D’après un journaliste du Daily News, "les passeurs trompent les candidats à l’immigration. Ils leur promettent un passage sr vers la France (la métropole ndlr), mais ils les emmènent à La Réunion." Une information qu'Anthony, un des migrants arrivé avec le Prashansa confirmait bien lors d'une entrevue avec la presse : "La Réunion c'est la France. Nous voulons aller en France."

Le journaliste sri-lankais évoque également les routes migratoires menant en Australie fermées depuis 2013. Les Sri-lankais qui tentent aujourd’hui de s’y rendre sont refoulés systématiquement dans des îles reculées du Pacifique où ils vivent (ou survivent) dans des centres de détention."Avant les bateaux se rendaient en Australie, mais maintenant c’est impossible, confirme le journaliste du Daily News. La frontière est verrouillée, les portes sont fermées. Ils cherchent donc une autre voie. Les passeurs font des recherches sur les endroits où immigrer. Ils connaissent les îles, même les petites et ils savent comment y aller."
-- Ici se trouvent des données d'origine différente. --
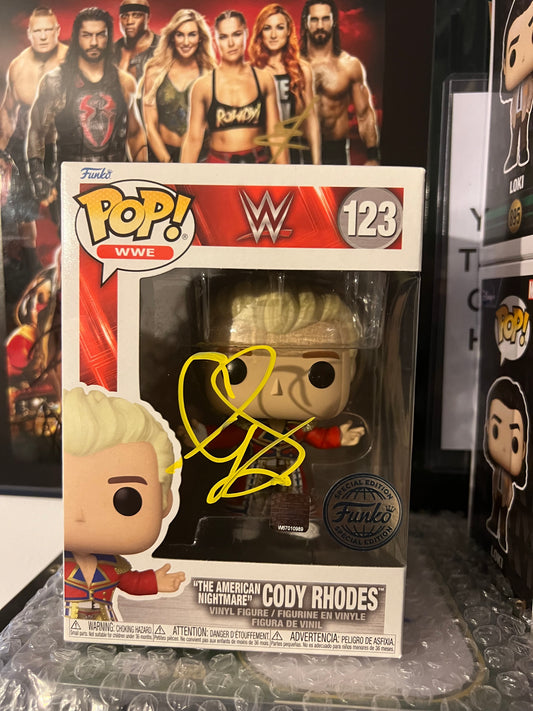 Signed WWE Cody Rhodes Funko Pop Figure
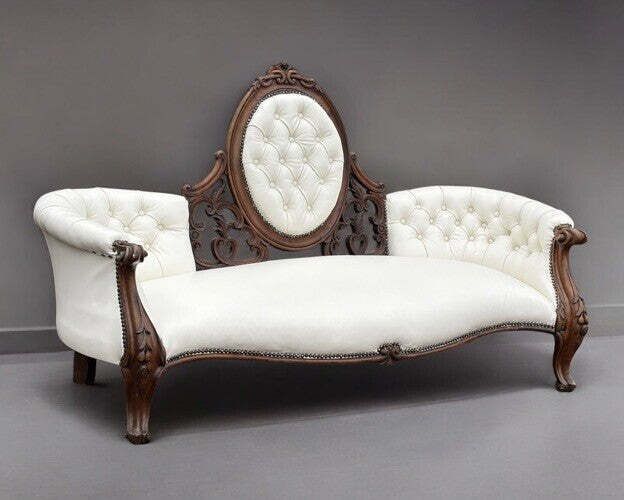 Victorian Sofa In White Leather, Walnut Show Frame, Cabriole Legs.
La Réunion est la terre d’asile la plus proche malgré les 4.200 kilomètres qui la sépare du Sri Lanka. Elle est la porte d’entrée pour la métropole et pour l’Europe, sachant qu’à Paris vivent des communautés tamoules très bien implantées.

• Que deviennent les 64 migrants renvoyés jeudi au Sri-Lanka

Le Daily News, citant un porte-parole de la Police, rappelle: "c’est une infraction punissable en vertu de la Loi sur l’immigration et l’émigration", que de se rendre illégalement dans un pays étranger. Les 64 migrants du Prashansa renvoyés le jeudi 14 février ont été jugés le jour d’après. Nous n’avons pas encore d’information concernant leur condamnation.